--- Records to use Enclosed Below ---

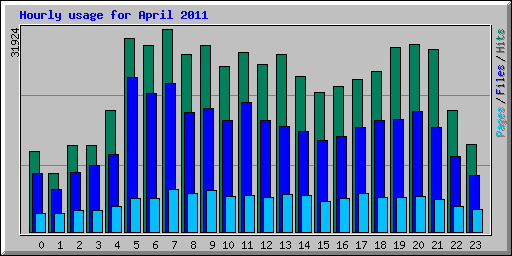 Hourly usage for April 2011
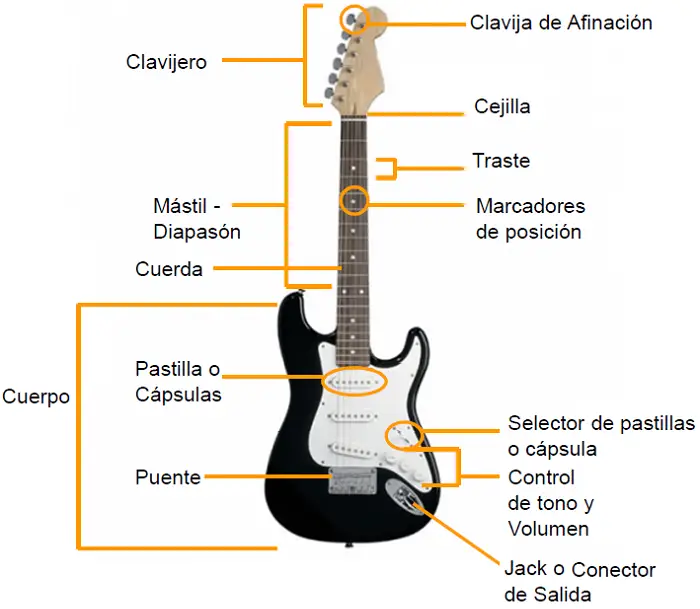 Sintético 100+ Foto Todos Los Círculos De La Guitarra Actualizar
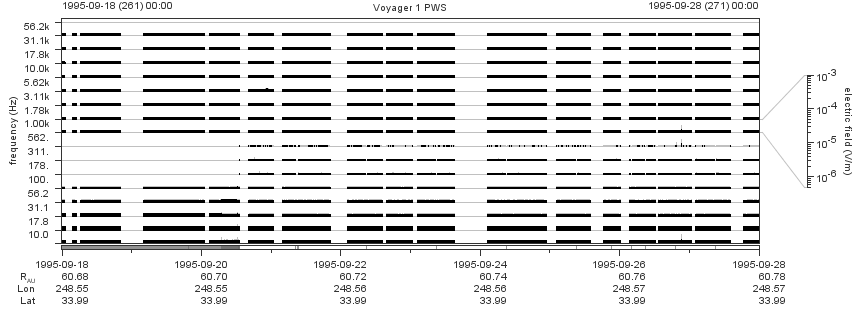 Voyager PWS SA plot T950918_950928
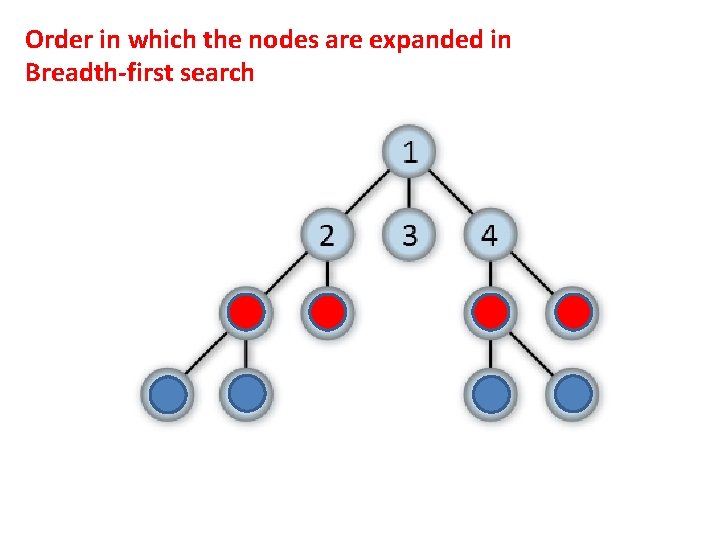 Order in which the nodes are expanded in Breadth-first search 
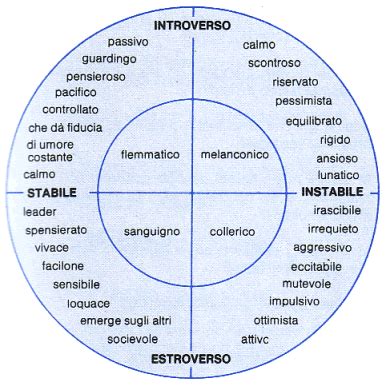 Diagramma dei quattro temperamenti di Cloninger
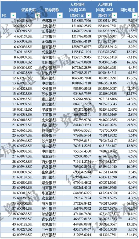 42家A股银行2023薪酬与人效对比：谁涨谁降一览(图4)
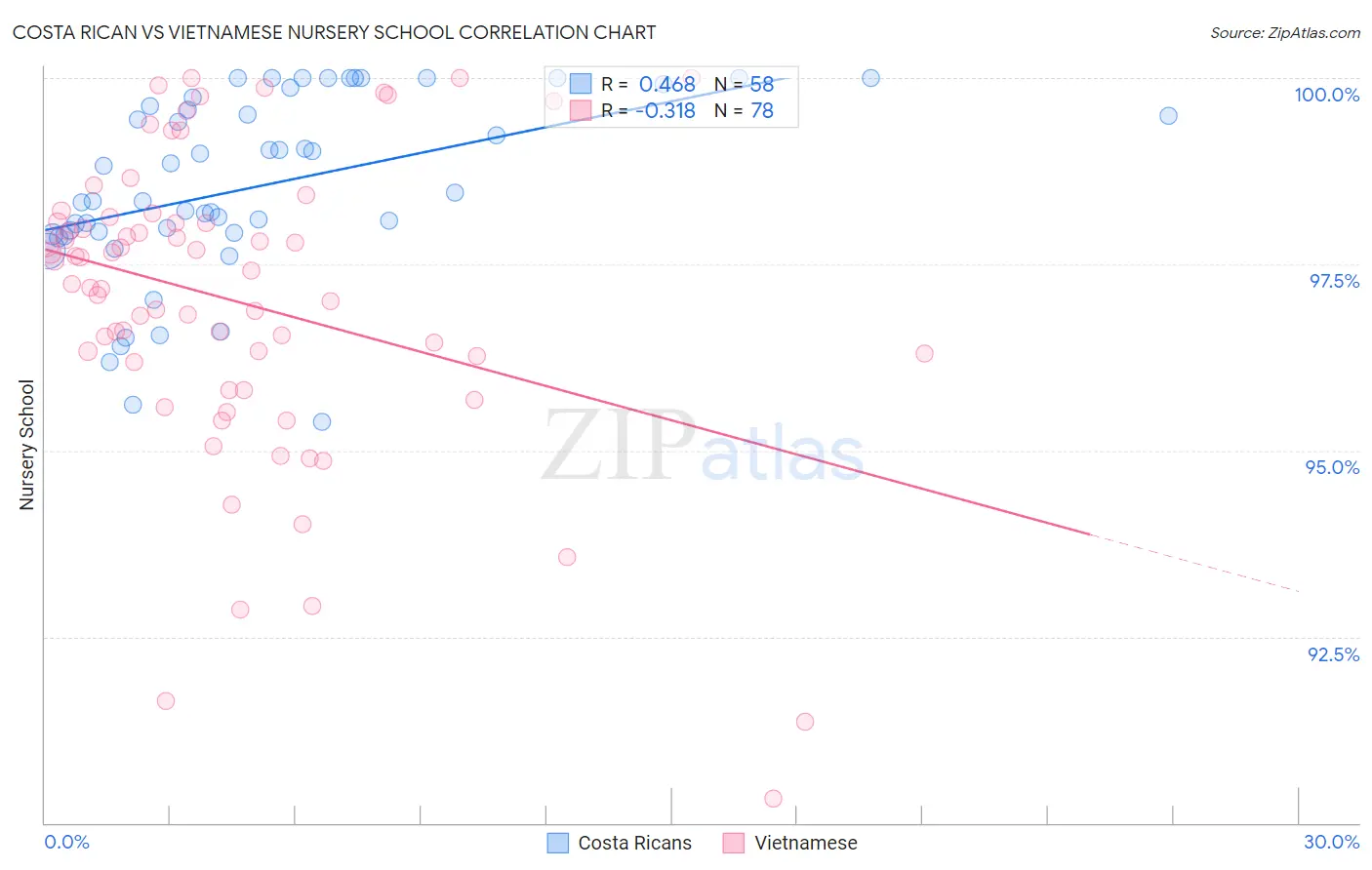 Costa Rican vs Vietnamese Nursery School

--- End of Enclosed Records to use ---

▶ **Your objective**: Each record should be written out again exactly, though without its pictures.

▶ **Task result**:
 Hourly usage for April 2011
 Sintético 100+ Foto Todos Los Círculos De La Guitarra Actualizar
 Voyager PWS SA plot T950918_950928
 Order in which the nodes are expanded in Breadth-first search 
 Diagramma dei quattro temperamenti di Cloninger
 42家A股银行2023薪酬与人效对比：谁涨谁降一览(图4)
 Costa Rican vs Vietnamese Nursery School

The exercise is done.